EXERCISE GOAL> Return the lines of the data below, from the one containing "Objectdeskundige Jesse Loomans" through the very last, exactly and with both ends included; no pictures.

EXCERPTED RECORDS>

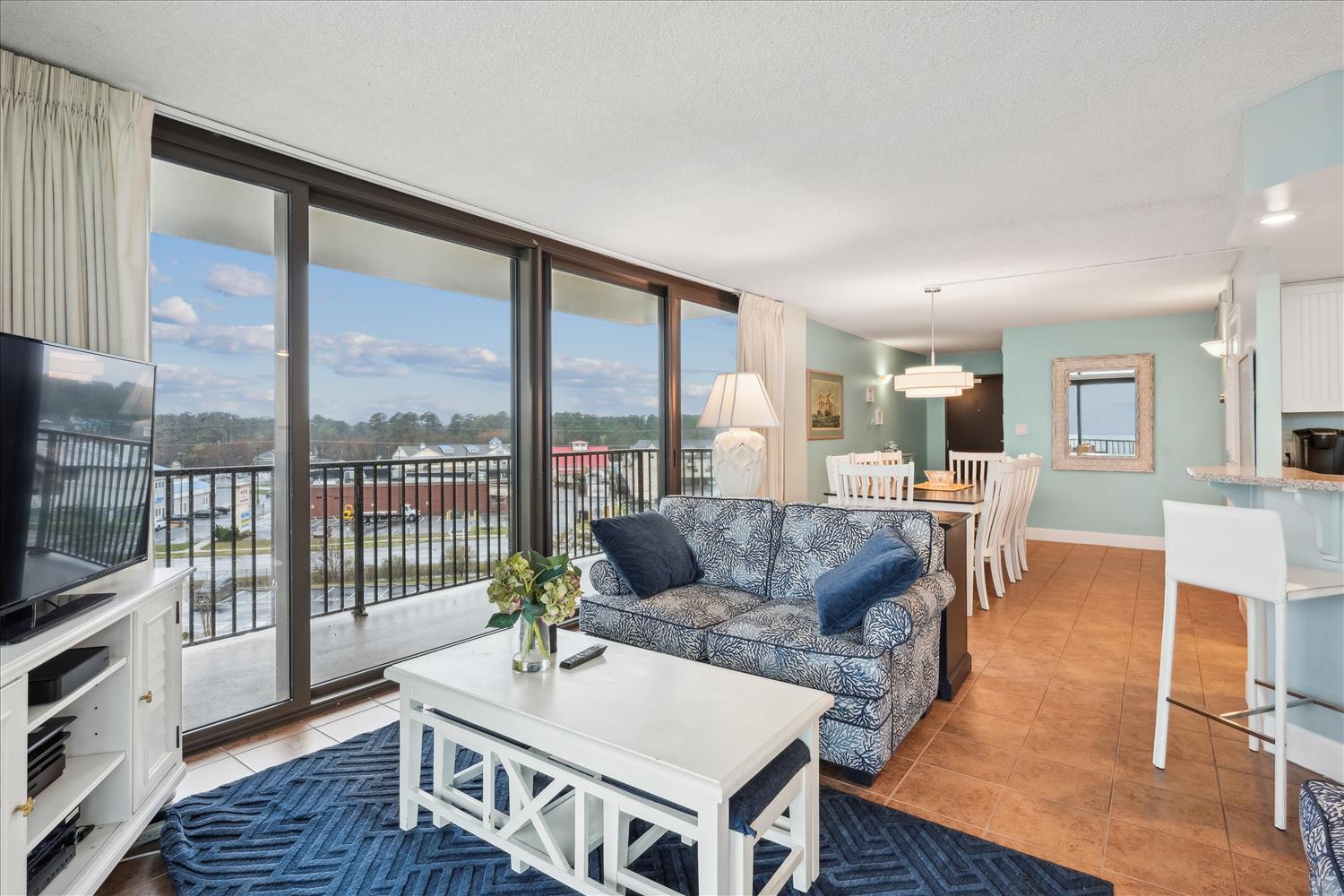 Step into your airy open living space, where soft blues meet crisp whites and sunlight pours through floor-to-ceiling windows. Your private balcony invites morning coffee moments overlooking the peaceful surroundings.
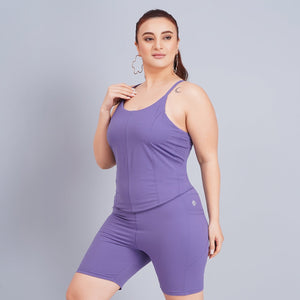 Woman wearing a purple athletic outfit with white sneakers on a gray background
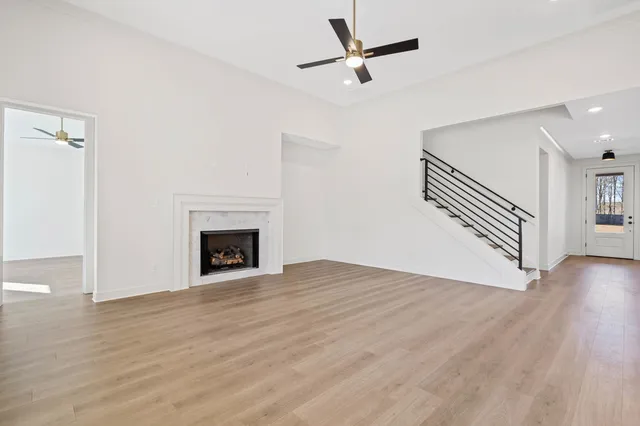 a view of an empty room with wooden floor fireplace and a window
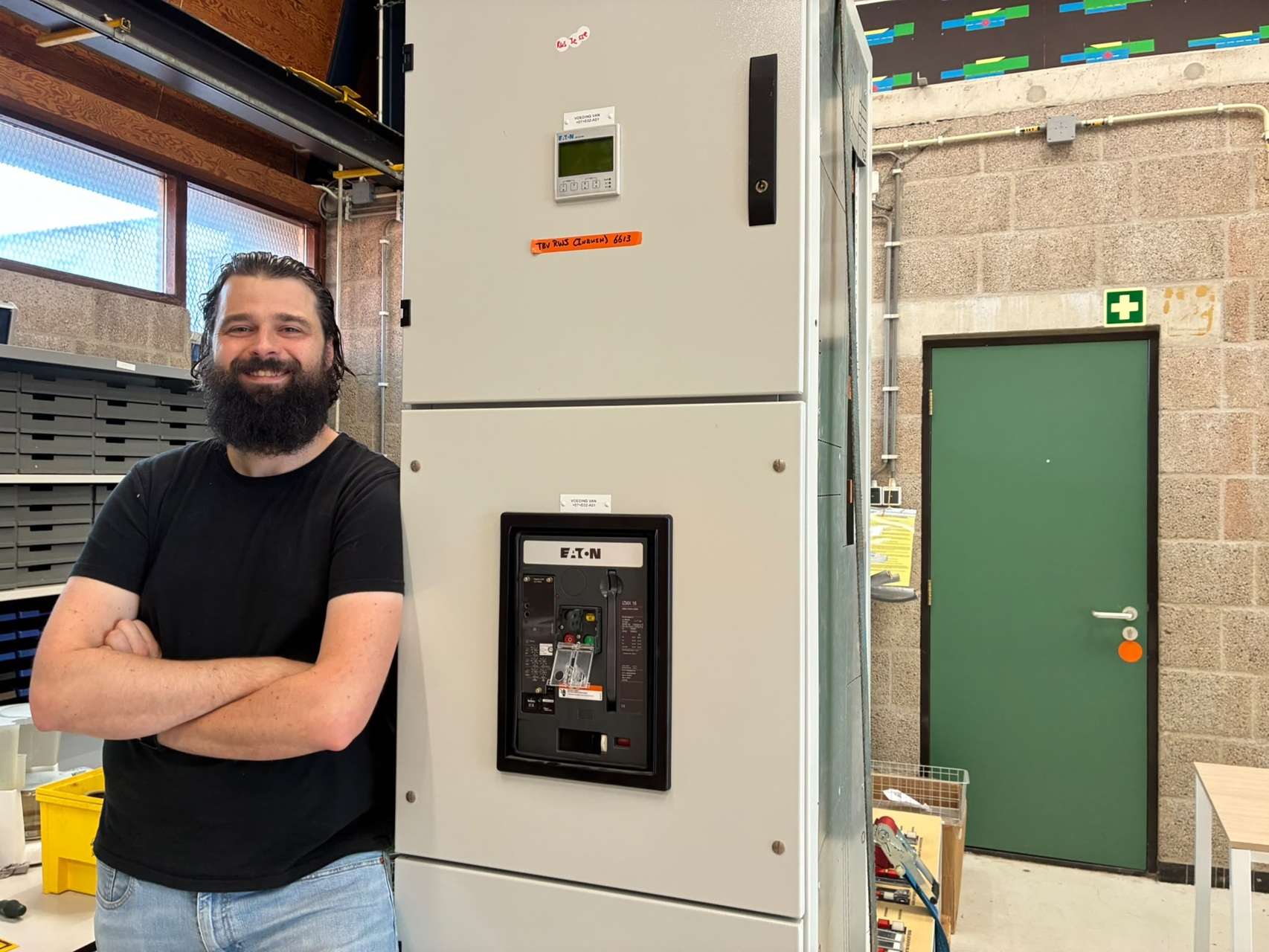 Objectdeskundige Jesse Loomans staat naast een laagspanningskast die door Rijkswaterstaat wordt overgedragen aan Normec Inrush voor praktijkonderwijs.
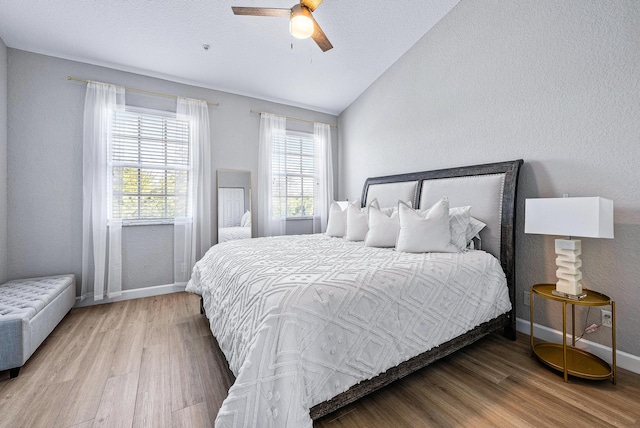 bedroom with hardwood / wood-style floors, lofted ceiling, and ceiling fan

SOLUTION>
 Objectdeskundige Jesse Loomans staat naast een laagspanningskast die door Rijkswaterstaat wordt overgedragen aan Normec Inrush voor praktijkonderwijs.
 bedroom with hardwood / wood-style floors, lofted ceiling, and ceiling fan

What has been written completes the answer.